Tuesday, May 23, 2006
Keith Rowe participates in an improvising ensemble called MIMEO (Music in Movement Electronic Orchestra) made up of some ten to twelve musicians playing laptops, electric guitars, digital and analog synths and assorted electro-detritus. It's a rather massive creature and a fairly bureaucratic one, the musicians' hometowns scattered across Europe (sometimes a US citizen makes his/her way in too), each having their own projects. So they've probably only performed together 6-7 times I think; one such is coming up at a festival in Holland next month. Keith is kind of the eminence grise of the group, the past and current master of the genre who, as nearly as I can figure it, is also the one one tends to organize the ideas behind most of their performances (see the marvelous "Hands of Caravaggio" on Erstwhile) .
He has a rather wonderful idea in the works, something I hope sees the light of day sometime, something that cuts, if not to the heart, pretty close to some vascular arteries of what contemporary improvised music is about today. The idea is essentially this: Each musician, at home or wherever they please, will record music onto a 60-minute disc.
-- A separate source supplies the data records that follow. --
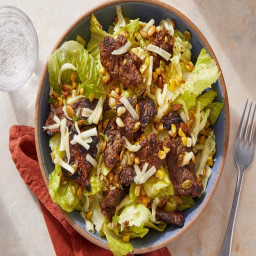 Chipotle Beef Taco Salad with Lime Pepitas, Corn & Guacamole Dressing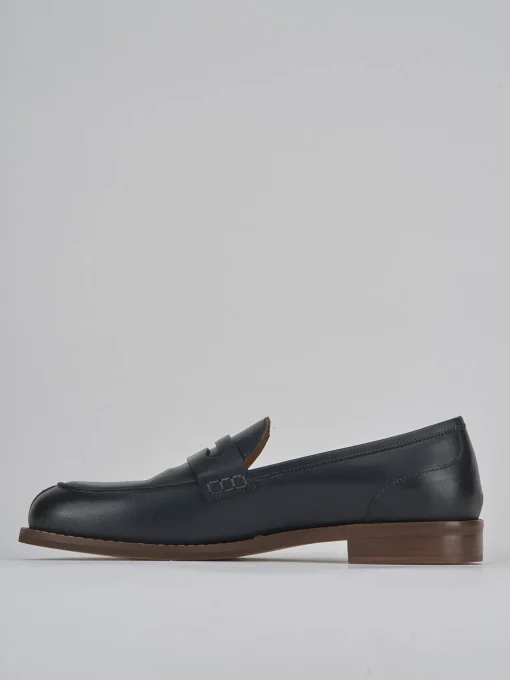 Mocassini tacco 1cm pelle blu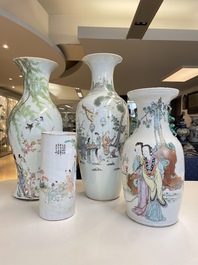 Quatre vases en porcelaine de Chine qianjiang cai, 19/20&egrave;me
They'll be asked to only supply a few minutes of sound, spread over that hour. The crucial notion is that they are to improvise this music as though they were performing in concert with the other members of MIMEO, as cognizant as possible of what they think these other musicians would be doing during that hour. They know each other well, they have a good working knowledge of how they all tend to approach these improvisations. There's a little something about this idea that's reminiscent of various Prisoner's Dilemma situations including Douglas Hofstadter's Luring Lottery published in Scientific American in the 80s. Each musician will send his/her disc containing the several seconds of music to one individual who will, without listening to any of them, "pile" them atop each other and create a single disc. I should mention that the inspiration behind this project is the painter Cy Twombly (visual artists often serving as the basis for many of Rowe's ideas). If you're familiar with Twombly's paintings, you'll know there's often a great deal of exposed white canvas, not dissimilar to the amount of silence one might expect to occur on this disc.
After the disc is ready, it will be issued by a company without having listened to it. The first persons to hear the music created by MIMEO will not be the musicians, not the mixer/masterer, not the record company. They'll be the people who purchase the disc.
Absolutely wonderful, thoughtful, honest and damned daring idea.